A disintegrin and metalloproteinase domain-15 (ADAM15) is expressed by activated leukocytes, and fibroblasts in vitro. Whether ADAM15 expression is increased in the lungs of COPD patients is not known.
ADAM15 gene expression and/or protein levels were measured in whole lung and bronchoalveolar lavage (BAL) macrophage samples obtained from COPD patients, smokers, and non-smokers. Soluble ADAM15 protein levels were measured in BAL fluid (BALF) and plasma samples from COPD patients and controls. Cells expressing ADAM15 in the lungs were identified using immunostaining. Staining for ADAM15 in different cells in the lungs was related to forced expiratory volume in 1 s (FEV), ratio of FEV to forced vital capacity (FEV/FVC), and pack-years of smoking history.

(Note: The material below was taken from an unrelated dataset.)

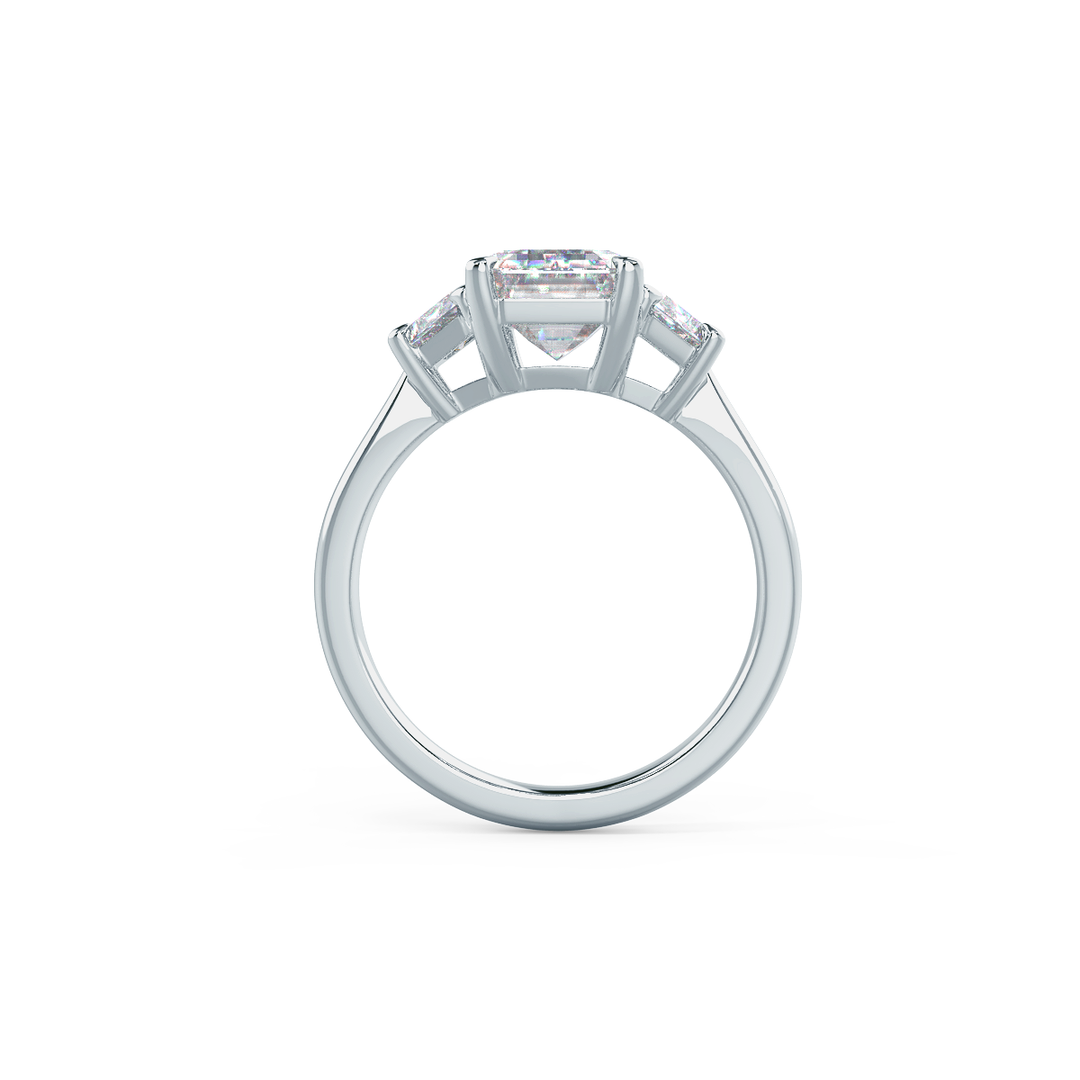2.75CT Emerald Cut Moissanite Trapezoid Diamond Engagement Ring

ADAM15 gene expression and/or protein levels were increased in alveolar macrophages and whole lung samples from COPD patients versus smokers and non-smokers. Soluble ADAM15 protein levels were similar in BALF and plasma samples from COPD patients and controls. ADAM15 immunostaining was increased in macrophages, CD8 T cells, epithelial cells, and airway α-smooth muscle (α-SMA)-positive cells in the lungs of COPD patients. ADAM15 immunostaining in macrophages, CD8 T cells and bronchial (but not alveolar) epithelial cells was related inversely to FEV and FEV/FVC, but not to pack-years of smoking history. ADAM15 staining levels in airway α-SMA-positive cells was directly related to FEV/FVC. Over-expressing ADAM15 in THP-1 cells reduced their release of matrix metalloproteinases and CCL2.
These results link increased ADAM15 expression especially in lung leukocytes and bronchial epithelial cells to the pathogenesis of COPD.
解整合素金属蛋白酶域 15(ADAM15)在体外由激活的白细胞和成纤维细胞表达。ADAM15 的表达是否在 COPD 患者的肺部增加尚不清楚。
测量 COPD 患者、吸烟者和非吸烟者的全肺和支气管肺泡灌洗液(BAL)巨噬细胞样本中的 ADAM15 基因表达和/或蛋白水平。测量 COPD 患者和对照者 BAL 液(BALF)和血浆样本中的可溶性 ADAM15 蛋白水平。使用免疫染色鉴定肺部表达 ADAM15 的细胞。肺部不同细胞中的 ADAM15 染色与 1 秒用力呼气量(FEV)、FEV 与用力肺活量(FEV/FVC)的比值和吸烟史的包年数相关。
与吸烟者和非吸烟者相比,ADAM15 基因表达和/或蛋白水平在肺泡巨噬细胞和 COPD 患者的全肺样本中增加。COPD 患者和对照者的 BALF 和血浆样本中的可溶性 ADAM15 蛋白水平相似。COPD 患者肺部的巨噬细胞、CD8 T 细胞、上皮细胞和气道α-平滑肌(α-SMA)阳性细胞中的 ADAM15 免疫染色增加。巨噬细胞、CD8 T 细胞和支气管(而非肺泡)上皮细胞中的 ADAM15 免疫染色与 FEV 和 FEV/FVC 呈负相关,但与吸烟史的包年数无关。气道α-SMA 阳性细胞中的 ADAM15 染色水平与 FEV/FVC 直接相关。在 THP-1 细胞中过表达 ADAM15 可减少其释放的基质金属蛋白酶和 CCL2。
这些结果将 ADAM15 表达的增加,特别是在肺部白细胞和支气管上皮细胞中的表达,与 COPD 的发病机制联系起来。